According to the prosecution version during the months of
November, 1959 to January, 1960, long after the village
panchayat had ceased to exist, the appellant entered into a
conspiracy with the other accused persons (tried along with
him in the sessions court) and Bhanwarlal son of Bapulal
(who became an approver and appeared as P.W. 1 in the case)

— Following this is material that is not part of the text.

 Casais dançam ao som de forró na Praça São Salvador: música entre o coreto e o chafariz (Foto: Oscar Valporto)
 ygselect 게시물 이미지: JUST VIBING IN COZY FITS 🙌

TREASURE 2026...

to cheat the members of the public, the Municipal Council,
Kota and the Government. The modus operandi for carrying
out the object of this conspiracy was to persuade such
members of the public as were amenable to their persuasion
to part with money for purchasing residential plots in
village Khand Gawadi; and in furtherance of this conspiracy
they forged sale proceedings and pattas by ante-dating them
and forging signatures of the other Panchas on such pattas
and sale proceedings. The appellant himself affixed his
signatures as Sarpanch and put the seal of the village
Panchayat on the forged documents. The trial, as is
obvious, from the charges reproduced above, was confined to
the sale proceedings and pattas in the names of Mool Singh,
Mukat Beharilal and Suraj Singh. Bhanwarlal (P.W. 1), who
was also stated to have been a party to this conspiracy was
granted pardon and having become an approver appeared as a
witness in support of the prosecution. The Sessions Judge,
after considering the prosecution evidence and the evidence
of the defence witnesses, produced by the appellant, upheld
the prosecution case against the appellant holding that he
and the approver, Bhanwarlal, had joined hands in forging
the sale proceedings and pattas mentioned in the charges and
also in forging thereon the signatures of the other Panchas.

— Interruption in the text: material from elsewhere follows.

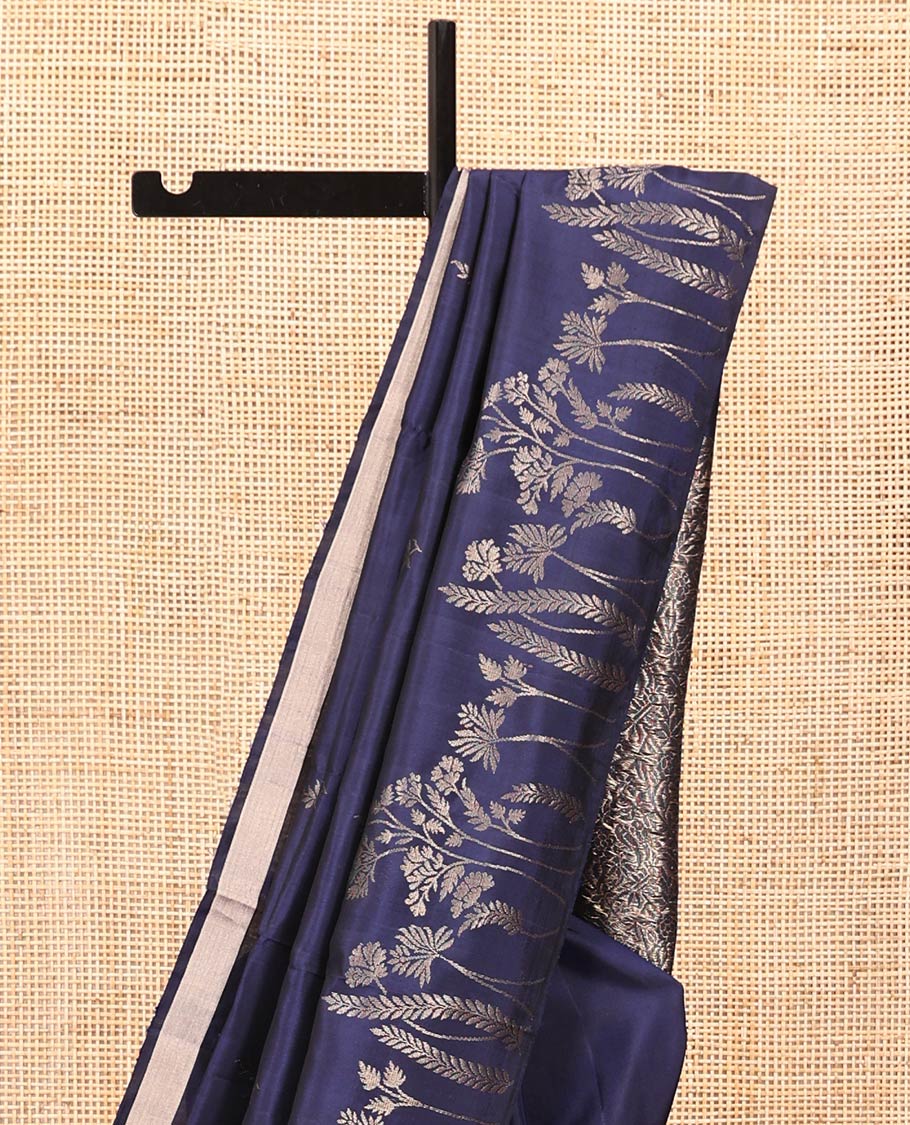 Borderless Blue Mayuri Soft Silk Saree, Mesmerized with Zari Buttas and Floral Buttas All Over Its Body, Highlighted by Pallu of Floral and Bird Designs, and Paired with a Matching Blouse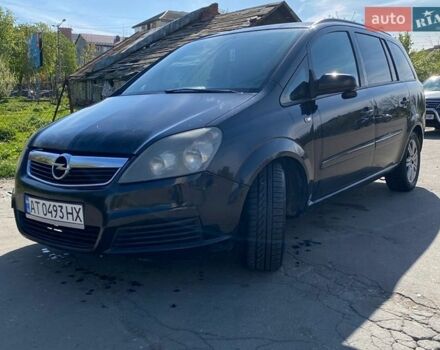Черный Опель Зафира, объемом двигателя 1.9 л и пробегом 300 тыс. км за 4900 $, фото 1 на Automoto.ua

In fact, according to the trial court, it was the appellant
who had dragged Bhanwarlal into ’the conspiracy and their
activities were motivated by a desire to cheat the Municipal
Council, Kota, the members of the public and the Government
of Rajasthan by making them part with possession of their
valuable land in village Khand Gawadi for nominal Drice. On
this finding the offence of conspiracy under s. 120B was
held proved against the appellant. He was also held guilty
of the offence under s. 467, I.P.C. Charges under the other
sections were held not proved. The appellant was
accordingly sentenced to rigorous imprisonment for three
years and a fine of Rs. 200 under s. 120B and to rigorous
imprisonment for two years and a fine of Rs. 200 under s.

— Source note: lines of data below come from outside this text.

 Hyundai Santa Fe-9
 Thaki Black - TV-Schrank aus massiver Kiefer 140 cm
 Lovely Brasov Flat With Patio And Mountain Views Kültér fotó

467, I.P.C. In default of payment of fine the appellant was
directed to undergo six months’ further rigorous
imprisonment in each case. Both the substantive sentences
were directed to be concurrent. The other accused persons
Bakshi Gajpat Singh, Madan Mohan and Badri Prasad were
acquitted.
On appeal the High Court affirmed the appellant’s conviction
on both these counts but reduced his sentence to rigorous
imprison-
467
ment for 15 months and a fine of Rs. 200 on each count. The
sentences of imprisonment were directed to be concurrent.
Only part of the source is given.